● **PROBLEM DESCRIPTION**: For this exercise, the lines from the one with "Heidenhain 324952-12 Interface" through the final line of the data below are to be transcribed exactly, and pictures are to be skipped.

● **SUPPLIED DATA**:
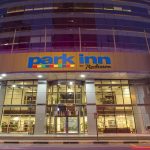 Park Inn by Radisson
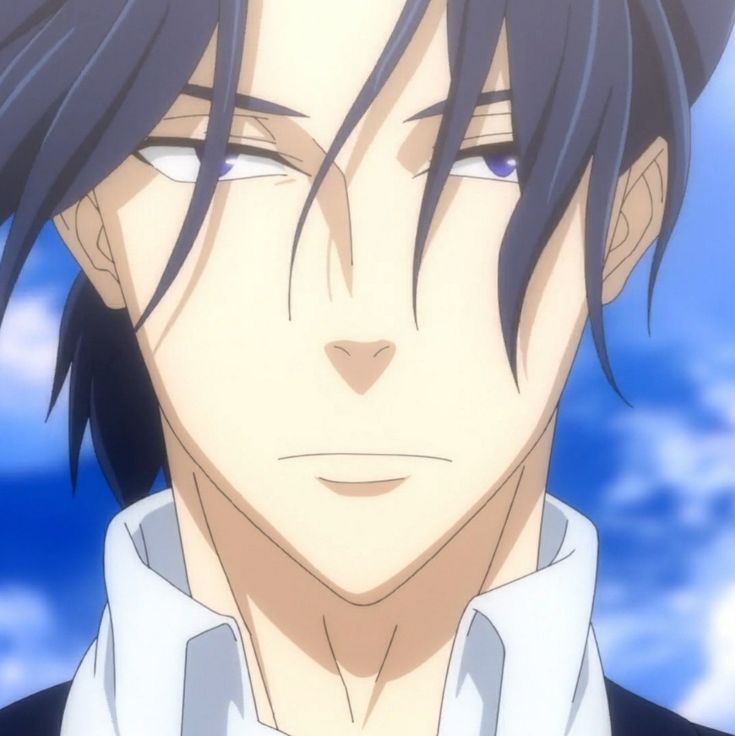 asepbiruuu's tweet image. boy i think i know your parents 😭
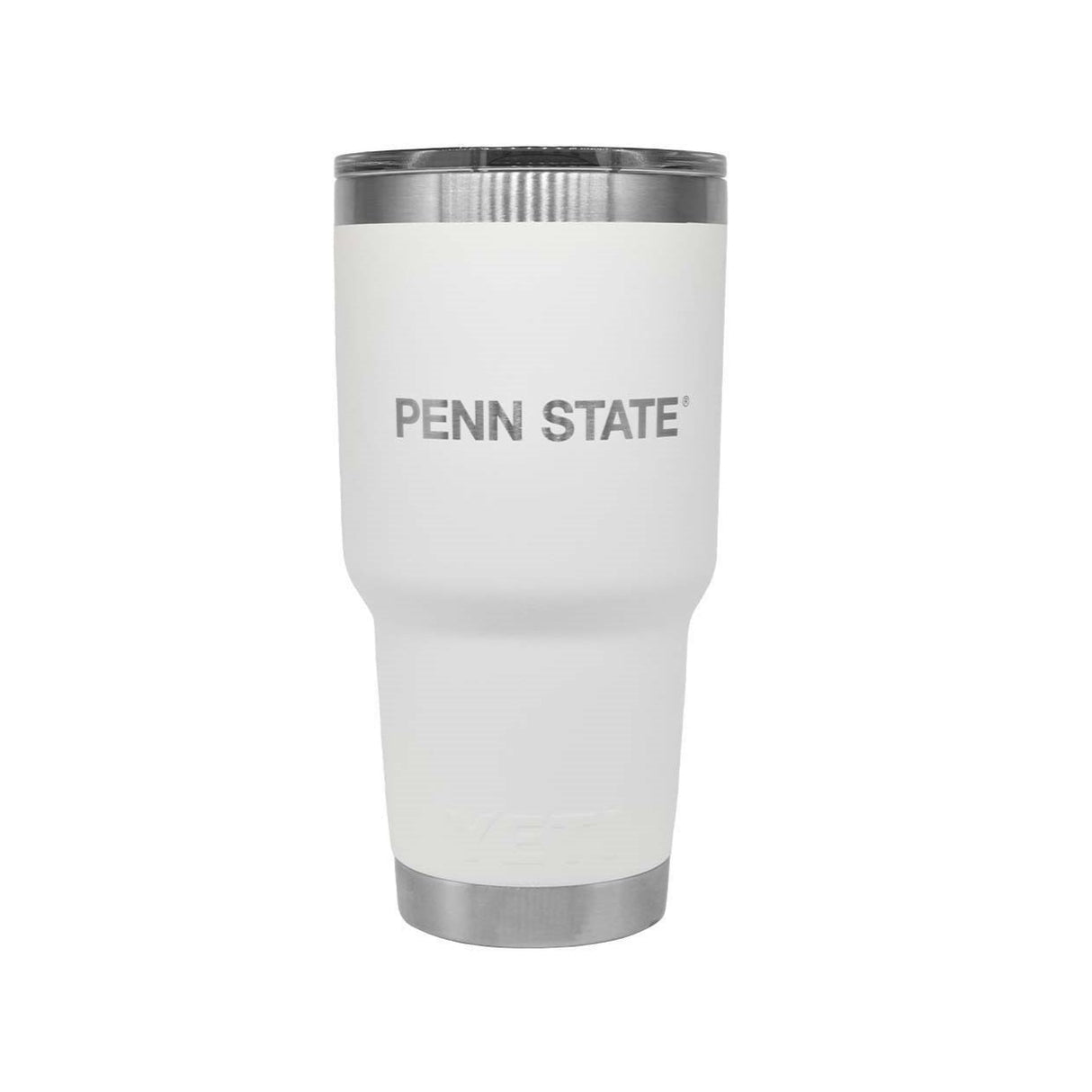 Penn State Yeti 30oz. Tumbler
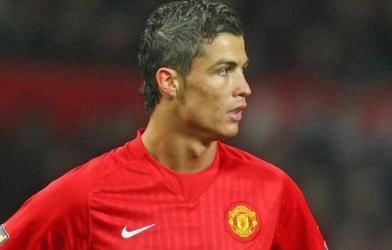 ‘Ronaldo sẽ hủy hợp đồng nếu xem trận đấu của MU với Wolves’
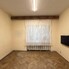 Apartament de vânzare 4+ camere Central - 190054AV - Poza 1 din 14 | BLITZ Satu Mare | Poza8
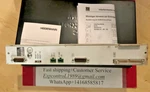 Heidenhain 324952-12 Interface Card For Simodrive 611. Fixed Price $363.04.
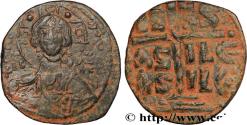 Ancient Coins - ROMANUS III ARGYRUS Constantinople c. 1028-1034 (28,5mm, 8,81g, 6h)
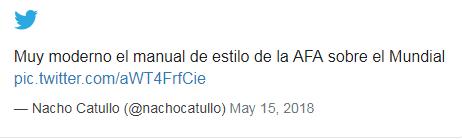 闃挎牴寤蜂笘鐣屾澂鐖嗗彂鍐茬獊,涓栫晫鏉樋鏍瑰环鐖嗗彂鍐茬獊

● **EXERCISE RESULT**:
 Heidenhain 324952-12 Interface Card For Simodrive 611. Fixed Price $363.04.
 Ancient Coins - ROMANUS III ARGYRUS Constantinople c. 1028-1034 (28,5mm, 8,81g, 6h)
 闃挎牴寤蜂笘鐣屾澂鐖嗗彂鍐茬獊,涓栫晫鏉樋鏍瑰环鐖嗗彂鍐茬獊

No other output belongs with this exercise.